The Modern Language Association’s Working Group on the Future of the Print Record released its report last month and I urge the library community to consider it carefully and respond. As a member of the working group, I have been impressed with the collaboration of scholars and librarians in dealing with an issue that is both important and complex.

Librarians have witnessed a dramatic change in students’ and researchers’ use of print materials housed in their collections. The convenience and immediacy of electronic texts has significantly altered both reading and research practices. Added to this are the space pressures higher education institutions are experiencing. More interactive classrooms, collaborative work spaces, places where interdisciplinary work can advance, digital humanities labs—all are in demand, but options for creating new spaces are severely limited due to financial constraints.
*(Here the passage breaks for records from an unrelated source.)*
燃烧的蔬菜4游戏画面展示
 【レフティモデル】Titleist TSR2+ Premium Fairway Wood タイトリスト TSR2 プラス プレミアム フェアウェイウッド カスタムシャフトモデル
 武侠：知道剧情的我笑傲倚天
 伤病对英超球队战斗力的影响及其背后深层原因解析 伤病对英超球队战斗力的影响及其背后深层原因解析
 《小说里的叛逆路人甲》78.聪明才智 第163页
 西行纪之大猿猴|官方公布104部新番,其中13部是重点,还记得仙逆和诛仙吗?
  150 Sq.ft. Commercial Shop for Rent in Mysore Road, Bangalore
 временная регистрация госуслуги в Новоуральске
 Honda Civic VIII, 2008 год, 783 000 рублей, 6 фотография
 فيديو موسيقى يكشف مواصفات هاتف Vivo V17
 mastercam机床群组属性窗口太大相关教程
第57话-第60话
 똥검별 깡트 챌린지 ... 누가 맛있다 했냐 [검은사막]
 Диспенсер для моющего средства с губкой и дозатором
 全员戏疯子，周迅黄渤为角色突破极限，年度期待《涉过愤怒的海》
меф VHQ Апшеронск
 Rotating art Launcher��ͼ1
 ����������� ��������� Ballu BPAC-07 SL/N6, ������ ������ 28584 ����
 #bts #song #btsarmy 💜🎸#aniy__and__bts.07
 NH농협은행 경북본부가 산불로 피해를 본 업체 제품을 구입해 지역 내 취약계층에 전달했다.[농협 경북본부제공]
Amidst all of these changes, there are other unchanging factors to consider. For certain types of humanistic scholarship, the physical artifact—the book—needs to be available for study. Different editions, printings, bindings are important research considerations for these scholars. And for librarians, there continues to be an attachment to the size of the collection. In describing the quality of a collection, so many librarians begin with its size.

The digital revolution, not surprisingly, has led to a clash of cultures that the Future of the Print Record white paper seeks to address. The working group acknowledges that electronic content is the preferred choice for a great many users, but libraries continue to have responsibilities to meet the research needs of all of their users, and print collections must be maintained for certain uses. A collaborative, large-scale approach is recommended to meet both sets of needs.

The working group readily acknowledges that it is not practical for every library to continue to maintain legacy print collections on their own. Instead, the group proposes a policy and governance structure that blends existing, high-density book facilities with strategically built and managed new facilities that would be operated as a coherent system that supports scholarship and learning.

The Modern Language Association is soliciting comments from the community by January 31, 2017. An open discussion of the report is scheduled for the annual MLA conference in Philadelphia on Friday, January 6, 2017, at 1:45 p.m. in the Philadelphia Marriott Downtown, room 401–403.

This is an opportunity for the library and academic communities to develop a collaborative strategy to ensure that the print cultural heritage is maintained in a digital world.